Power procurement plan welcomed

2012-05-21 18:36

Pretoria - The announcement of 19 successful bidders for the second phase of the renewable energy independent power producers' programme received a thumbs up from the industry on Monday.

"We acknowledge the excellent work done by government in working through the voluminous applications in a timely and transparent manner," said Johan van den Berg, chief executive of SA Wind Energy Association.

The department received 79 bids in March for the second window of the energy plan, 51 of which met the criteria given in the request for proposals.

These bids amounted to 3 255 megawatts of power generation.

Seven wind projects, with a combined allocation of 562.5 MW, were selected from the preferred bidders out of the 650 MW allocated for Window Two.

"Wind power is becoming an important new infrastructure industry in the country.
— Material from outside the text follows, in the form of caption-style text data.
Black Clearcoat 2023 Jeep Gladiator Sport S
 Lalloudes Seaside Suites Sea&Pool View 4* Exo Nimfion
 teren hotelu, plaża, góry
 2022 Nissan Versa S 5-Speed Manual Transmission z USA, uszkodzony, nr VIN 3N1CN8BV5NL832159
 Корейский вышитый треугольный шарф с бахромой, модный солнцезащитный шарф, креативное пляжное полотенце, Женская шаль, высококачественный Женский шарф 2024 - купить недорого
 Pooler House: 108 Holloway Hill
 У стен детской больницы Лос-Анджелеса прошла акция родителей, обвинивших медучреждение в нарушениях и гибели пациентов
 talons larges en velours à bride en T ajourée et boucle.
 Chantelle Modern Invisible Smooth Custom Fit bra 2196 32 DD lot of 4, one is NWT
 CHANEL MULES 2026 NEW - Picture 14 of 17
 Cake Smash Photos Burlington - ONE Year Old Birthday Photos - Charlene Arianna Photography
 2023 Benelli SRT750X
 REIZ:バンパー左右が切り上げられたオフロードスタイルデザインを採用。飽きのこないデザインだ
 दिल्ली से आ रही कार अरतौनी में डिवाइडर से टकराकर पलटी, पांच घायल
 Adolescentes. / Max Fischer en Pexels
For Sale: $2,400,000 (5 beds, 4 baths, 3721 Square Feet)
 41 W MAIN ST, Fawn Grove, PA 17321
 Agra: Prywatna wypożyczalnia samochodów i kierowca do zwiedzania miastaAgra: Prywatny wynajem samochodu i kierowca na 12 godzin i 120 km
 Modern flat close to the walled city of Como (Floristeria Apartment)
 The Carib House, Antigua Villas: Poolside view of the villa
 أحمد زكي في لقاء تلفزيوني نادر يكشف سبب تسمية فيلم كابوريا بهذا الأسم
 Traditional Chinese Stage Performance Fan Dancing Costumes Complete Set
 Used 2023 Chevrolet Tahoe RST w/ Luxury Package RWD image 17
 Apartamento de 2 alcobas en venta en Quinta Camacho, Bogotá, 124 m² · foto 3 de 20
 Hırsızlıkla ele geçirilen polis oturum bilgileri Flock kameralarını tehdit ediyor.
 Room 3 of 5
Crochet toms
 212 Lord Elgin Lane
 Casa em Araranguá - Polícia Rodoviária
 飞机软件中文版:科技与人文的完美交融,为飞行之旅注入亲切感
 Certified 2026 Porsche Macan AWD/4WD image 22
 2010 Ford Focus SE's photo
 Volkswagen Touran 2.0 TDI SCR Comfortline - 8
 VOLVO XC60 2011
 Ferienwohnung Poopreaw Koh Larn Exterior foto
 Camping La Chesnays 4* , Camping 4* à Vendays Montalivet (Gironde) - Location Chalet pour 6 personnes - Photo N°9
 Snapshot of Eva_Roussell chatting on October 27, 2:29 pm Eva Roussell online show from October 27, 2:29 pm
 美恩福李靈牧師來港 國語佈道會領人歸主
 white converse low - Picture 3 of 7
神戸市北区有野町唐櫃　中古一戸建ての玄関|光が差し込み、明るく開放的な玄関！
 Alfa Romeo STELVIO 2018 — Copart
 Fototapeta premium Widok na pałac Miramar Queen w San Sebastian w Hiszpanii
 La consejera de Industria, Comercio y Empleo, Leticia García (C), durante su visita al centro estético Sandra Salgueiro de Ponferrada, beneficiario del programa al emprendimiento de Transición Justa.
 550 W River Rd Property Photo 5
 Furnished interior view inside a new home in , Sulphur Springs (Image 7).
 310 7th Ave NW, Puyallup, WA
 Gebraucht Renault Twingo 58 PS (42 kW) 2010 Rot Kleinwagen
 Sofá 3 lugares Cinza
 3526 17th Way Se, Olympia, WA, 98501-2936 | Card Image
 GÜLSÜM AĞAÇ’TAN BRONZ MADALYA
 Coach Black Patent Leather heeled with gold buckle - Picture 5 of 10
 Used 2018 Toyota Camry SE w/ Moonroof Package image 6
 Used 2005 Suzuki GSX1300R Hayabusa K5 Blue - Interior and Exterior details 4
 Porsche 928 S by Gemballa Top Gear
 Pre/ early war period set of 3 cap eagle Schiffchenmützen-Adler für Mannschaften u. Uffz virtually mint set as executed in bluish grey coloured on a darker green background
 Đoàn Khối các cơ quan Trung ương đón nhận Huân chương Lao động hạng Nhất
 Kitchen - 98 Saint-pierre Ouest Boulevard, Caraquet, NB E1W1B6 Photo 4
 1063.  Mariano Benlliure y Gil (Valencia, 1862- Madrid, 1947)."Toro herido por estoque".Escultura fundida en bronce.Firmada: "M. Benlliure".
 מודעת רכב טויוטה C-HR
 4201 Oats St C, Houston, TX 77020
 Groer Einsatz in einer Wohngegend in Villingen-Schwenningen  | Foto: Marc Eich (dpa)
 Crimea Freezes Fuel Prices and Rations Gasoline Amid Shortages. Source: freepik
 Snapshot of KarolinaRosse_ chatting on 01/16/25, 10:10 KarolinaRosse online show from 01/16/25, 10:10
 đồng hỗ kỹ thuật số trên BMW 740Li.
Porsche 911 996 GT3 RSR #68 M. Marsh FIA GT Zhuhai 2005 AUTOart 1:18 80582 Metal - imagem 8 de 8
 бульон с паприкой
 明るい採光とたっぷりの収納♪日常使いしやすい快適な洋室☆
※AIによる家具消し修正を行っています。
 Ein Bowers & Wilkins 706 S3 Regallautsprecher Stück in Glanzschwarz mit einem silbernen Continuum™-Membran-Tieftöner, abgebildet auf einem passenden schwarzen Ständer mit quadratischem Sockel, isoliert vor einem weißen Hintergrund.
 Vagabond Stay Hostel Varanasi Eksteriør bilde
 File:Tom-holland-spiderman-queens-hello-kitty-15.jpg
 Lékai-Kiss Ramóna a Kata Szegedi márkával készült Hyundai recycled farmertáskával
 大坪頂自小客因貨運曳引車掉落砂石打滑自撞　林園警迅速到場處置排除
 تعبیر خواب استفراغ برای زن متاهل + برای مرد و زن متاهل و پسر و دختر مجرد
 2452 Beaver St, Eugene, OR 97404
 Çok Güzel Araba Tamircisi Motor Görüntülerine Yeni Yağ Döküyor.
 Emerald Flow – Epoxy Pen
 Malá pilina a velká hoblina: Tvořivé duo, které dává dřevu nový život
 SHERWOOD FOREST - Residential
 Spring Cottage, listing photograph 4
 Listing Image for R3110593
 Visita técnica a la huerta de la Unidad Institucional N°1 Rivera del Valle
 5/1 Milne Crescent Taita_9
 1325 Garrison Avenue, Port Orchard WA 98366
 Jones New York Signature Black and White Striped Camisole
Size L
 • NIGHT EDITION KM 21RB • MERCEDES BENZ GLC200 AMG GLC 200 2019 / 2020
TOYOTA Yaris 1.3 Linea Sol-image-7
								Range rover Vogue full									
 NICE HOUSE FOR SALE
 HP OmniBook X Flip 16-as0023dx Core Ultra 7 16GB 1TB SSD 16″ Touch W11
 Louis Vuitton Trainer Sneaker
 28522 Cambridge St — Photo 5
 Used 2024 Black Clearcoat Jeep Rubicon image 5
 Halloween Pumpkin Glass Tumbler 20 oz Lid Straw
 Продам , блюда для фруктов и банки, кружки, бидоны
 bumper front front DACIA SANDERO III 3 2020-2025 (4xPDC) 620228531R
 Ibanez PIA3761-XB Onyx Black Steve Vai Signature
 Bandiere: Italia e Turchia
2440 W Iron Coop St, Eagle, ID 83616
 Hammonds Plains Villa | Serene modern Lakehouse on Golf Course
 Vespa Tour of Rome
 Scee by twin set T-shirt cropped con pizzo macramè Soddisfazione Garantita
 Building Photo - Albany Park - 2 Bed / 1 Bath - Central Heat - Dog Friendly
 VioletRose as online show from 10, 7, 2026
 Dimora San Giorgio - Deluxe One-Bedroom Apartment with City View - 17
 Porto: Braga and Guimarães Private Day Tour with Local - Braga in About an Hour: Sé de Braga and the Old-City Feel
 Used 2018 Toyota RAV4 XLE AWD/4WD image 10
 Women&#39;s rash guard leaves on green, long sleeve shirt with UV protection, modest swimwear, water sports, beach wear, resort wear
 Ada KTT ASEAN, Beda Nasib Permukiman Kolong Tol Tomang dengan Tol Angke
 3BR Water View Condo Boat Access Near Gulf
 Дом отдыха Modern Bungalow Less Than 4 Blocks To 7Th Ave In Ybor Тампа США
The procurement of wind power is maturing and the rules are becoming clearer and better understood," said Van den Berg.

Eight wind energy projects were announced during the first window at the 17th Conference of the Parties to the United Nations Framework Convention on Climate Change which was held in Durban last year.

Construction of the first wind farms in relation to the first window is set to commence after the end of June.

"The wind industry in South Africa will see exponential growth in the next 12 months, with the Window One projects set to turn soil very soon," said Van den Berg.

Energy Minister Dipuo Peters told reporters on Monday the government wanted to use the renewable energy independent power producers' (IPPs') programme to boost job creation.

"With significant numbers of the population currently unemployed, the government sees this procurement programme as an opportunity to grow the economy," she said in Pretoria.

"We would want to maximise economic development wherever the projects are located."

The IPP programme is expected to attract project proposals valued at around R100bn by the end of the final fifth window.

The procurement of alternative energy sources from the private sector was motivated by "the urgent need for new generation capacity" to alleviate current energy constraints, the department said in a statement.

  • Craig - 2012-05-22 08:07

    It will be interesting to see what the capital cost incentives are, and what the feed in tariff looks like. My interest stems from the fact that we customers will be required to pay these increased costs and they are not trivial. Also the siting of the turbines will be interesting as that effects natural beauty and the length of power lines to link them into the grid. All in all it will be a fascinating exercise.